Starobinski, desde otro ángulo, nos da los itinerarios
del viaje literario de Idomeneo, hasta alcanzar este mito la atención de la
seducida pluma del genial Mozart por el tema y nos presenta las dificultades
como su tratamiento en su ópera homónima comisionada en 1781.

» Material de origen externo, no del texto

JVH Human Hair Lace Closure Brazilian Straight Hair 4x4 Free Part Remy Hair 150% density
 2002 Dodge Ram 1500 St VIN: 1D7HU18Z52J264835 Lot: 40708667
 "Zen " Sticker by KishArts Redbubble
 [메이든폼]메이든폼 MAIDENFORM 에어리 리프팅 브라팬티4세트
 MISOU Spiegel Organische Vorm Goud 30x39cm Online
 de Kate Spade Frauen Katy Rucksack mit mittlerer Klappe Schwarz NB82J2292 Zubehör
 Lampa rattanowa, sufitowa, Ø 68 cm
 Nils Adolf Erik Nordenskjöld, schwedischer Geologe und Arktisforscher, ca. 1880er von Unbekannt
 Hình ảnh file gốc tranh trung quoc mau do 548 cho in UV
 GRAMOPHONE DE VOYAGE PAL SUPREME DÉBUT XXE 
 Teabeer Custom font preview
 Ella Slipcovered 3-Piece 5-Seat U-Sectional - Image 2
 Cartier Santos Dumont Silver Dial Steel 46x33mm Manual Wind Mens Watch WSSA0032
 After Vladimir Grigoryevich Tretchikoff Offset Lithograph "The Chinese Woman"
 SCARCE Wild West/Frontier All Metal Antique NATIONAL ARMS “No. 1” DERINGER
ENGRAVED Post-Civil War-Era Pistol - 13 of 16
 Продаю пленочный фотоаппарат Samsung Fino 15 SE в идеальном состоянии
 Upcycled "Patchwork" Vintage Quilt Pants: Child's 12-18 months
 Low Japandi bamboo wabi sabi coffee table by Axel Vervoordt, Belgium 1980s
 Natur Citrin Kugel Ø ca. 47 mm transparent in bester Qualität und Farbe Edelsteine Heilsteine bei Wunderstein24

La leyenda de Idomeneo se inscribe dentro de la
categoría de los mitos de regreso, que presentan una simetría con los mitos de
partida. Starobinski teje con delicadas pinceladas todas sus implicaciones en
la estética mozartiana donde "la música, atravesada por tantos alientos,
se encuentra tanto más libre para dialogar puramente con la sombra que trae
ella misma... para decir una emoción conmovedora que sobrepasa a toda
psicología individual". Donde la fuerza del amor y la resurrección vence
al momento de la muerte.
I. Las
Aventuras de Telémaco.
El nombre de Idomeneo fue célebre en el siglo
dieciocho. Y por tanto él había nacido con el siglo. El personaje había sido
casi creado por Fenelón, preceptor del heredero del trono de Francia, en sus
Aventuras de Telémaco (1699). Ese cuento filosófico, o más bien esa gran novela
sobre la educación, trasplantada sobre la gesta Troyana y más particularmente
sobre el poema de la Odisea, coloca en escena a Telémaco, el joven príncipe de
Itaca, en la búsqueda de su padre Ulises. A su paso por Creta (libro V), Telémaco
escucha los infortunios de Idomeneo. Para construir ese héroe cretense, Fenelón
se había servido de algunas partes dispersas de la obra de Homero y de Virgilio
.Una singular figura retomada de nuevo. Un héroe con doble rostro. Idomeneo es
uno de los vencedores de Troya y, como Ulises, en su viaje de regreso,
despierta la furia de Neptuno, "el estremecedor de las tierras", el
dueño de los vientos. Sólo escapa a la tempestad al precio más alto, ¡promete
el sacrificio del primer ser que encuentre sobre su tierra en Creta! El primer
ser que encuentra sobre la rivera de la playa será a su propio hijo.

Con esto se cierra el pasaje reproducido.